Monday, July 11, 2011

When Treasury modelled a minor tax change...

An abundance of black coal will make NSW one of the hardest hit states by the climate change plan, with the state production forecast by Treasury to be 3 per cent lower than it otherwise would have been by 2050.

The calculations show the lightly-mined states of South Australia and Tasmania little affected, losing less than 1 per cent of state output and Victoria only mildly hit, losing 2.5 per cent. Even iron ore and gas rich Western Australia escapes more lightly than NSW, losing 2.75 per cent of state output.

Although large by 2050, the differences between the states are tiny year by year. Officials who worked on the Treasury modelling say the annual impact every state will be close to 0.1 per cent, which is the national impact.

Treasury has made what appears to be a heroic assumption that there will soon be a global carbon price. But it has done no more than assume world leaders will keep to the “less ambitious end” of the pledges they have already made. That assumption itself depresses, the ‘starting point’ for the Treasury’s analysis, but not by much. Treasury says it will take the world 16 months longer to reach the combined income it would had by 2050.

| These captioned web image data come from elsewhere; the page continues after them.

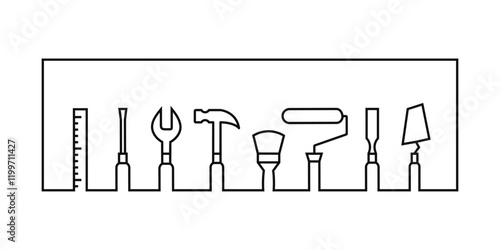 Set of work tools as building, repair, renovation, maintenance, facility management concept. Tool icons, wrench, hammer, paintbrush, paint roller and other construction instrument symbol in line art.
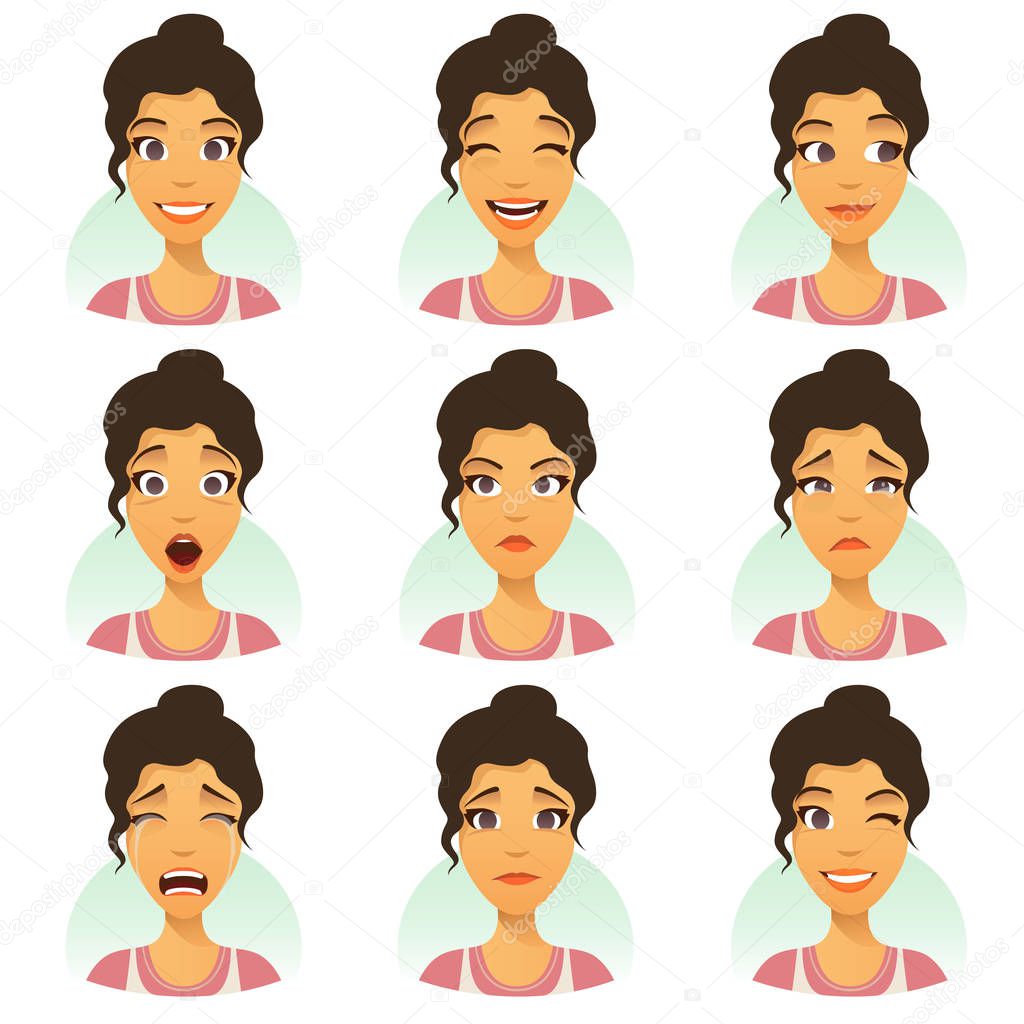 Woman with facial expressions set.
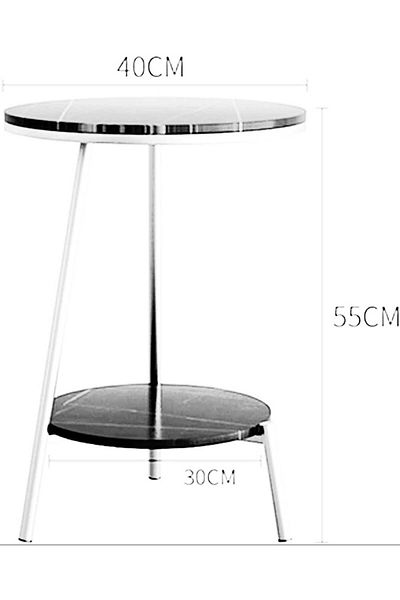 Generic Marble wood side table with gold and white metal - 40 x 55 cm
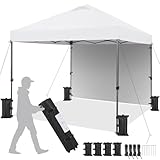 Yaheetech Carpa Plegable 3x3 m Cenador de Jardín con 1 Pared Lateral Altura Ajustable 262-282 cm Gazebo para Exterior Camping Playa Patio Anti-UV Impermeable y Bolsa de Arena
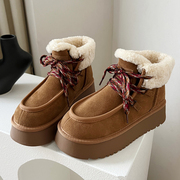 雪地靴女冬季系带厚底增高真皮复古百搭加绒加厚时尚防滑毛毛短靴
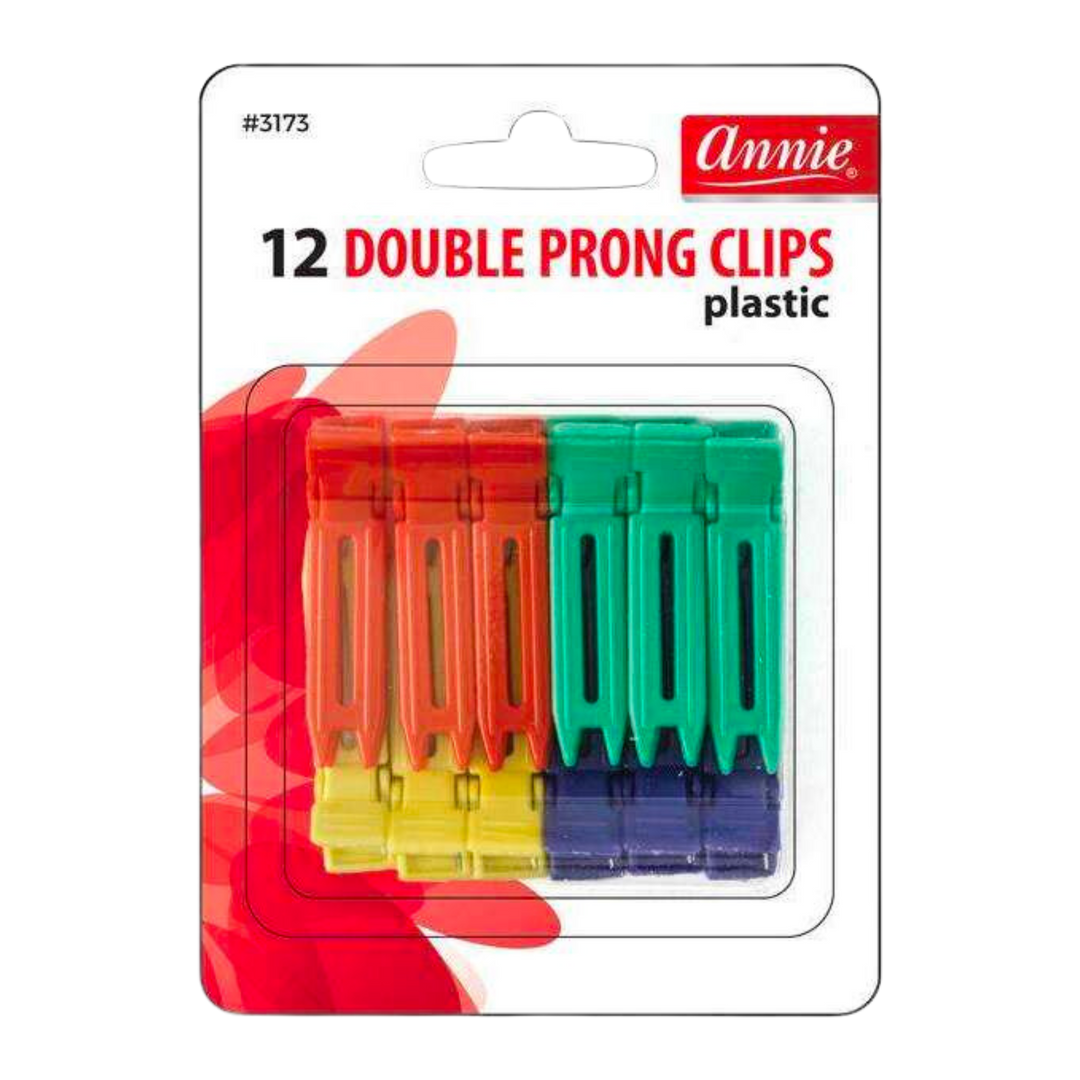 Annie Double Prong Metal Hair Clips, 12 Count, Assorted Colors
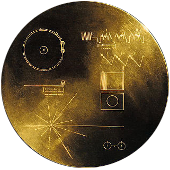 This circular image is a depiction of the gold-plated copper phonograph disc included on the Voyager 1 and 2 spacecraft. Most of the inscriptions on the back of the disc, shown in the image, are marks intended to assist other sentient beings in playing the phonograph messages on the other side. The image resembling the asterisk is intended to identify the location of our solar system as it lies in relation to pulsars in our galaxy. The long line represents a pointer from our sun to the center of the galaxy. Public Domain Image of Voyager message disc.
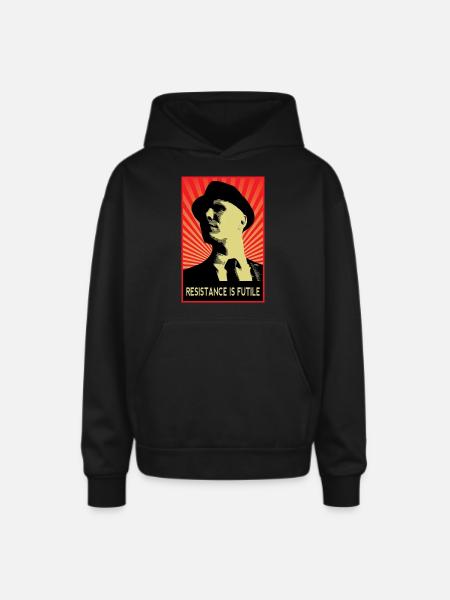 Observer Fringe - Oversized Hooded Sweatshirt - black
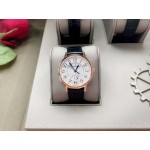 Jaeger Lecoultre An Factory White Dial Leather Strap Watch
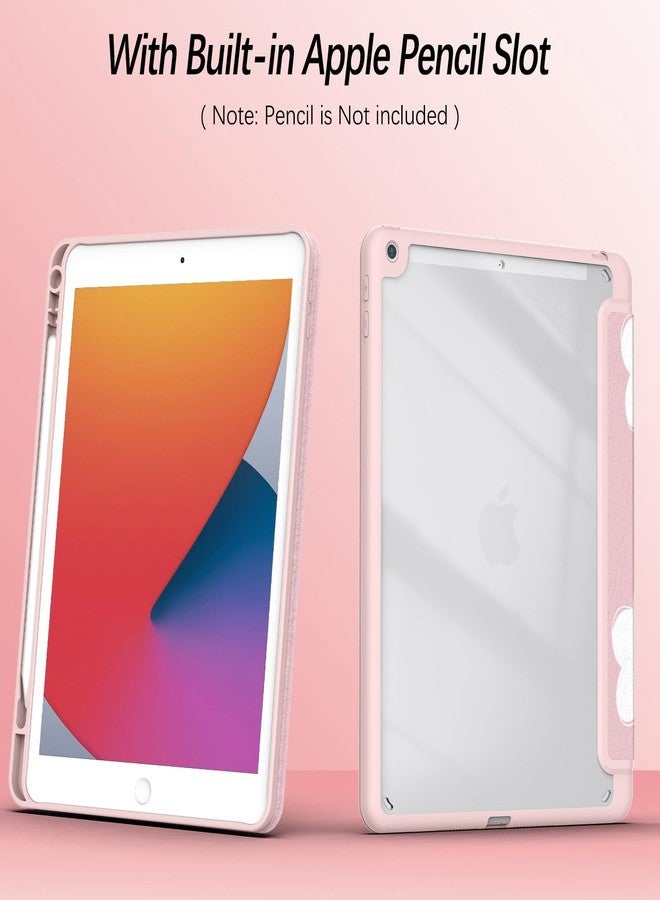 Xkladz جراب Xkladz لأجهزة iPad من الجيل التاسع/الثامن/السابع (2021/2020/2019) مقاس 10.2 بوصة، جراب مع حامل قلم، غطاء خلفي شفاف، تصميم أنيق وجذاب للنساء والفتيات، خاصية التشغيل/الإيقاف التلقائي، زهور وردية وبيضاء - Image 3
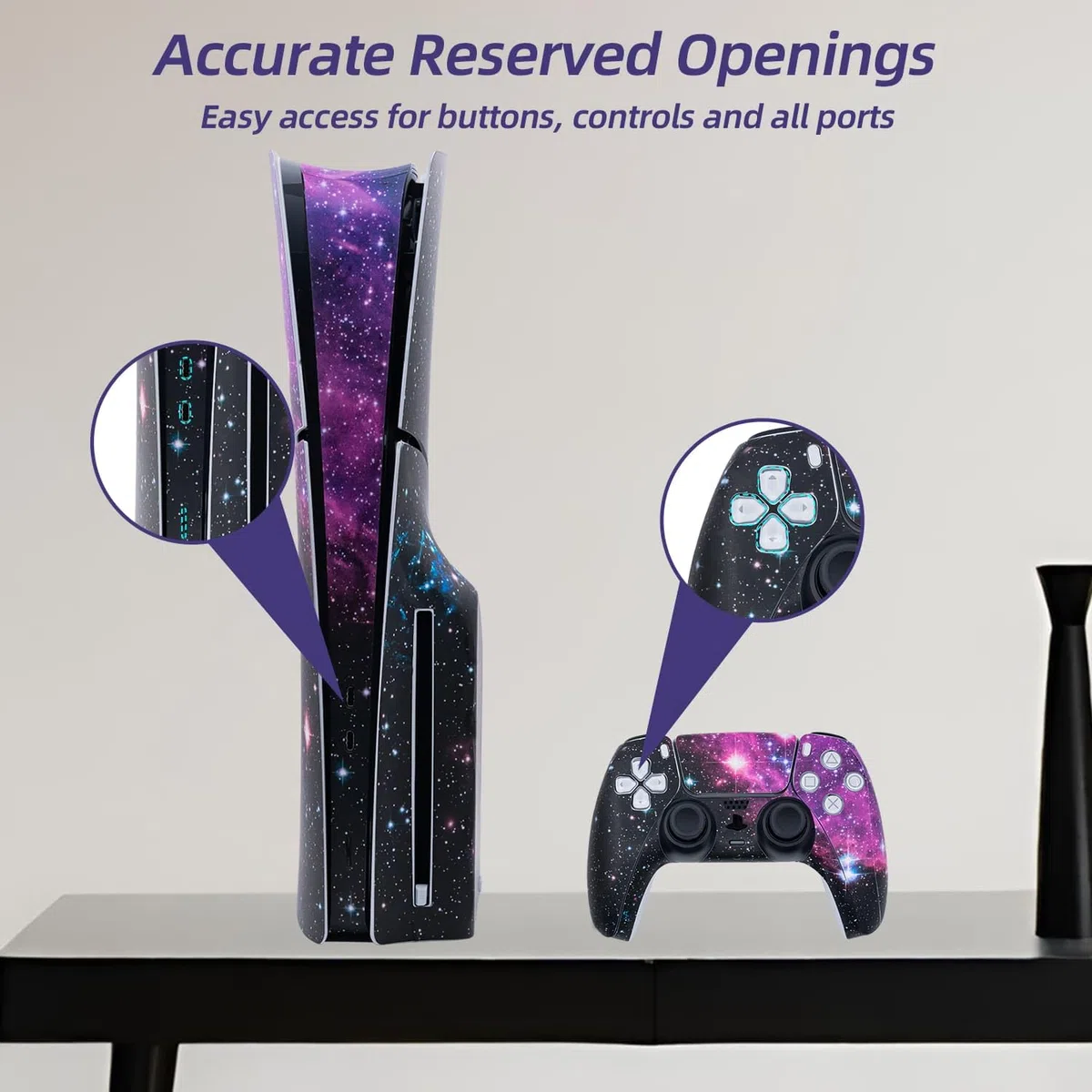 Mcbazel Calcomanías de la Serie Pattern Pegatinas de Vinilo Solo para PS5 Slim Disc Edition - Galaxy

Compared to this slightly depressed world outlook Australia’s outlook will be every-so-slightly more depressed, but not so you would notice on a graph... The Treasury has drawn two lines, with and without carbon pricing, that touch.
“The changes to the Australian economy from pricing carbon are small by historical standards and small compared to the changes we are already seeing in our economy as it adjusts to accommodate the pressures of Mining Boom Mark II,” the document says.

“Gross national income has risen more than 30 per cent over the past seven years. In contrast, pricing carbon will only slightly slow growth in Australian income per person so it is about half a percentage point below where it would have otherwise been in 2020.”

Consumer prices will jump 0.7 per cent in 2012-13, much less than the 2.5 per cent increase that followed the goods and services tax. Treasurer Swan said the Treasury modellers were the most professional in the business, the same people who had correctly forecast the effect of the Coalition’s GST.

Prices will jump again by a further further 0.2 per cent on the transition to a emissions trading system in 2015-16. Combined, the impact on average household spending will amount to $13.40 per week, much of it from a $4.20 increase in the price of electricity. The average food bill will climb $1.10 per week.

Employment will grow by around 1.6 million people by 2020 and a further 4.4 million by 2050 with or without a carbon tax. Although some industries will grow faster than they would have and others slower the changes will be “small compared to the usual churning of employment between firms and industries every year”.

The Treasury forecasts assume a carbon price of $20 per tonne, somewhat lower than the $23 price the government adopted. A separate set of forecasts based on a $30 per tonne price produces similar results.

The forecasts take no account of the economic benefits of reducing global emissions and so can best be thought of as an estimate of the costs.

The net cost to the budget is relatively small - $3.8 billion over four years. Adjustments to the timing of payments ensures the cost to the budget will be just $475 million in 2012-13, the year the government plans to return the budget to surplus.